What the lyric should be:
“Grab your passport and my hand/ I can make a five-pass good for the weekend.”
You know how some people purchase a weekly pass when they take public transport? There’s sometimes an option where you can get a five-day pass. It’s desirable for folks with traditional desk jobs who do not work weekends, and therefore have little need to commute then. Considering Swift has already introduced the idea of travel, it made sense to me that she would continue the theme. And in order to have any reason to use a passport (other than for purchases of age-restricted goods like alcohol) you need to go somewhere which processes international trips. Maybe a seaport, an airport, or train station. True, maybe Swift and her admirer are driving to the station, but terminals like this don’t have very much parking space, considering trips are constantly embarking.

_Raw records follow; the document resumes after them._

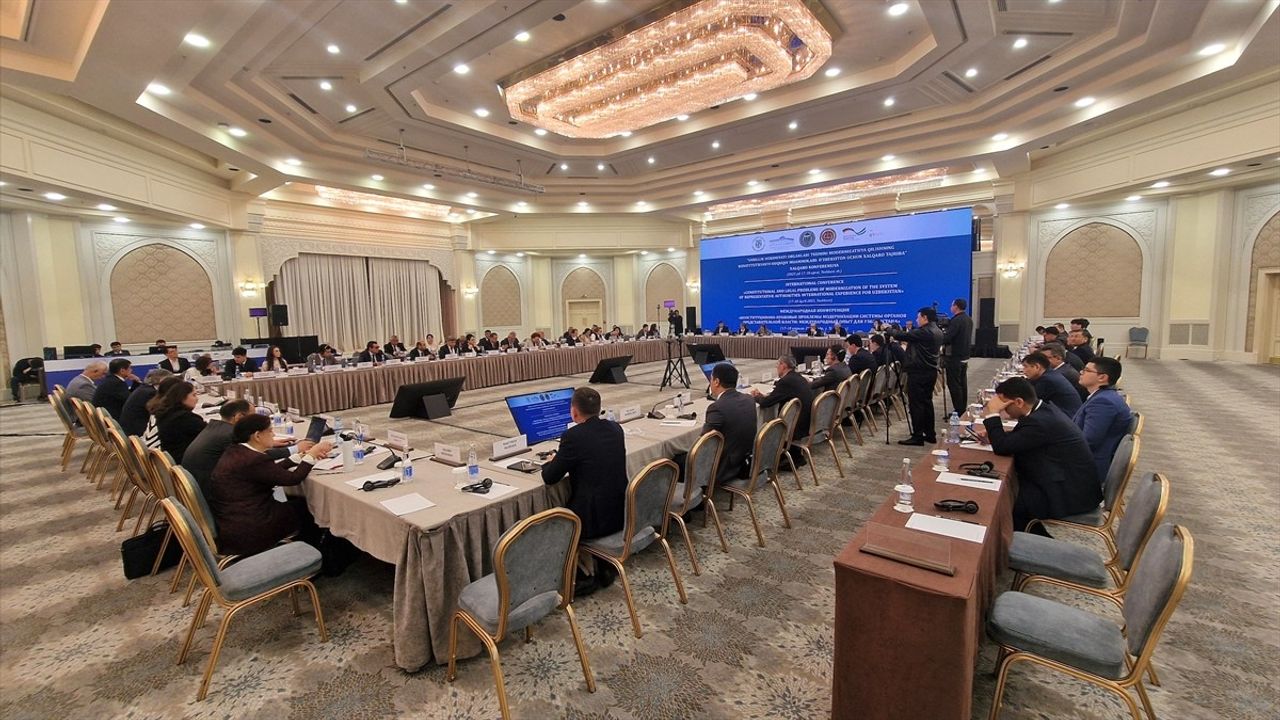 Özbekistan'da Yerel Meclislerin İyileştirilmesi Konferansı Gerçekleştirildi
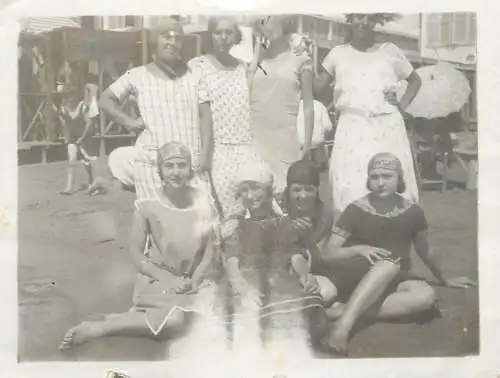 Nettuno 1924 anonymous persons family souvenir photo
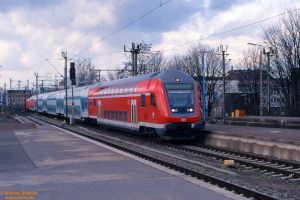 D27999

Suppose Swift’s friend works at a bank, and he thus possesses a five-day pass to ride the subway. They go on their date during a weekend. But Dude has a weekday pass, which isn’t valid, or good, for the weekends. So, Dude would have to purchase another pass in order to accompany Swift on her adventure. Maybe a round-trip pass, one-day pass, two-day pass, or perhaps even a weekend pass. But because Swift is so generous, she goes the extra mile to ensure her date needn’t do that. She “can make a five-pass good for the weekend.”
She would explain to the ticket operator or conductor that this gentleman was with her, and she and her friends get celebrity treatment. Or maybe she has some other pass that allows her to pay both their fares.
But instead of giving us this beautiful slice-of-life moment, she gives us this trite dichotomy between good and bad. This idea that so many others have explored.
Why aren’t lyrics better?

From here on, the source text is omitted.